Güncelleme Tarihi:
Sene 1995... Epey genciz. Türkçe müziğin en popüler olduğu yıllar. Kıvırcık saçlı, güler yüzlü genç bir adam, elinde gitarıyla şarkı söylüyor, hem de tam ihtiyacımız olan şeyi, ‘Yaz aşkı’nı anlatıyordu. Sözlerini dilimize doladık, ritmiyle dans ettik. Sonra o birbiri ardına yeni şarkılar yaptı ve biz onu dinlemeye devam ettik.
Şarkıcı Ege, başka bir marifetiyle tanıştırıyor şimdi bizi: Yazarlık... Romanının adı ‘İsyan’... Adını, başkarakterinden alıyor. Epey lezzetli bir roman. Her bölümü bir yemek tarifiyle başlıyor. Sonra sizi içine çekip alan bir konusu var.
Hikâye, bir adada geçiyor. Zeytinyağı ve şarap üreten Mahir Bey, bütün görgüsüzlükleri almaya hazır adada muhalefet bayrağını açan bir adam... Bir kızı var, Gülhan büyük gülümsemesiyle herkesi kendine âşık ediyor. Okuldan arkadaş İsyan ve Gülhan’ın sıkı dost olacak anneleri de bu hikâyenin içinde... Ve tabii Dimitri ve diğerleri...

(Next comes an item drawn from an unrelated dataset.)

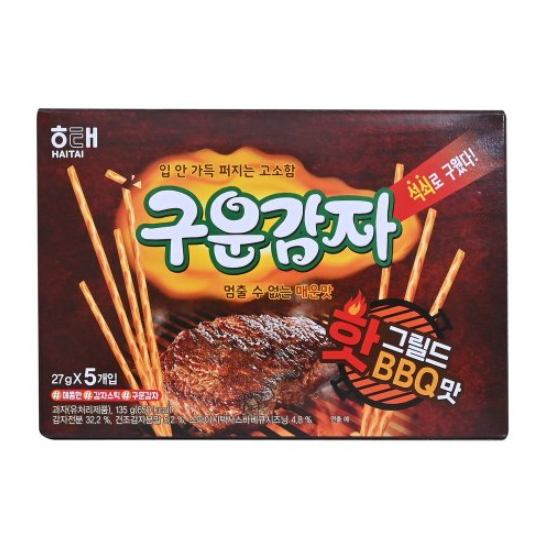 해태제과 구운감자 핫그릴드 BBQ맛 135g (10개)_이미지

Adamızın adı Tekeli. İsyan, adaya öğretmen annesiyle geliyor. Babası şair bir subay. Nâzım Hikmet hayranı... E memlekette şairi sevenin başı dertten kurtulmadığı gibi babasının da kurtulmuyor. Zaten İsyan da adını buradan alıyor.

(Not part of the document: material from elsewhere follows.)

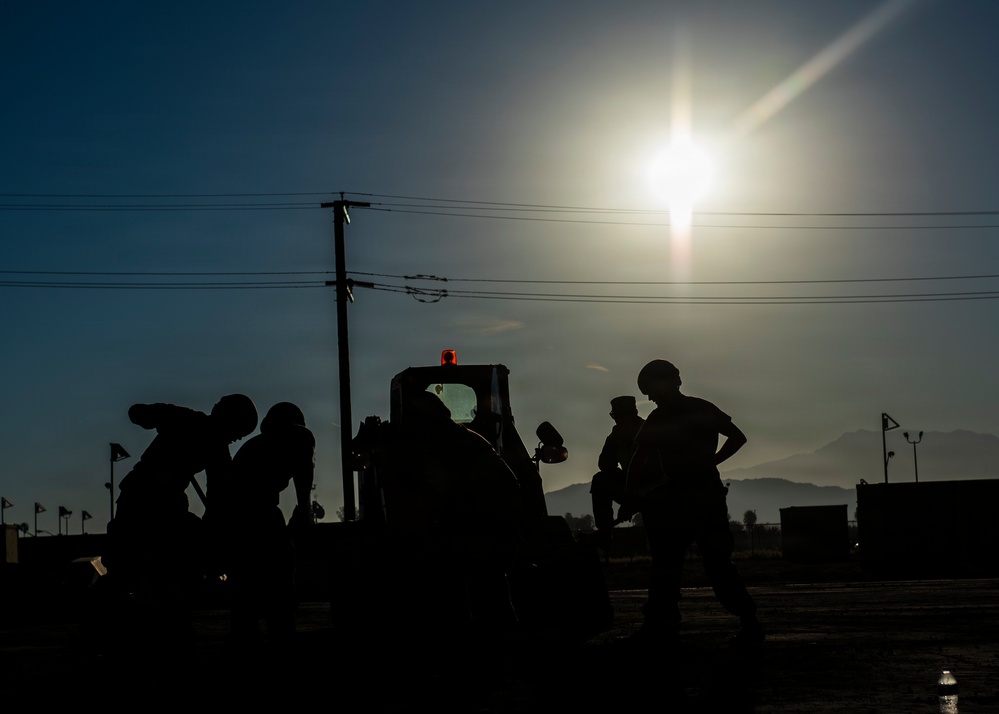 163d CES repairs flightline; meets METs during exercise Grizzly Talon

İsyan ve annesi bir gün Mahir Bey’lere yemeğe gider. İşte onun ne kadar mucize bir tadımcı olduğu da o yemekte anlaşılır. Mahir bey, elmas bulmuş gibi sevinir. Sonunda ürününü layıkıyla test edecek birini bulmuştur. O kişi 10 yaşındaki İsyan’dır. İsyan ve annesi Mahir Bey’lerin en yakın dostu olmuştur. Hali vakti yerinde bu aile, evinin bahçesine bir dostlar evi yapmış, Gülhan’ın üç arkadaşını da burada ağırlamasına izin vermiştir.
Bu kitap, bize adada büyüyen bir kız, üç erkek dört arkadaşın, dostluk, aşk, ihanet üçgeninde büyümelerini anlatıyor.
Aslında çocuk da olsalar dünyalarının nasıl da büyüklere benzediğini gösteriyor Ege bize. Belki daha hesapsız ama arzular hep aynı:
Seçilmek, sevilmek...
Çocukluk aşklarının da yaraladığını anlatıyor. Çocukların da bir daha kimseyi sevmeyeceğine yemin edebildiğini... O kadar derin hissedebildiklerini... Dört kafadar... Dördünün de kumaşı farklı. Ama bir aradalar. Ve elbet o farklılıklar yol ayrımlarını da beraberinde getiriyor. Daha fazla detay vermeyelim. Ege bu ilk romanında, hayatın içinden lezzetli bir hikâye sunuyor bize. Bir de not düşelim. ‘İsyan’ın ön kapağının içinde küçük bir fotoğraf var. Bu fotoğrafı akıllı telefonuyla tarayanlar Ege’nin yepyeni yedi şarkısını dinleyebiliyor. Kitabı, bu şarkılar eşliğinde okursanız, bu hikâyenin bir tadı olduğu gibi bir müziği de olduğunu anlarsınız.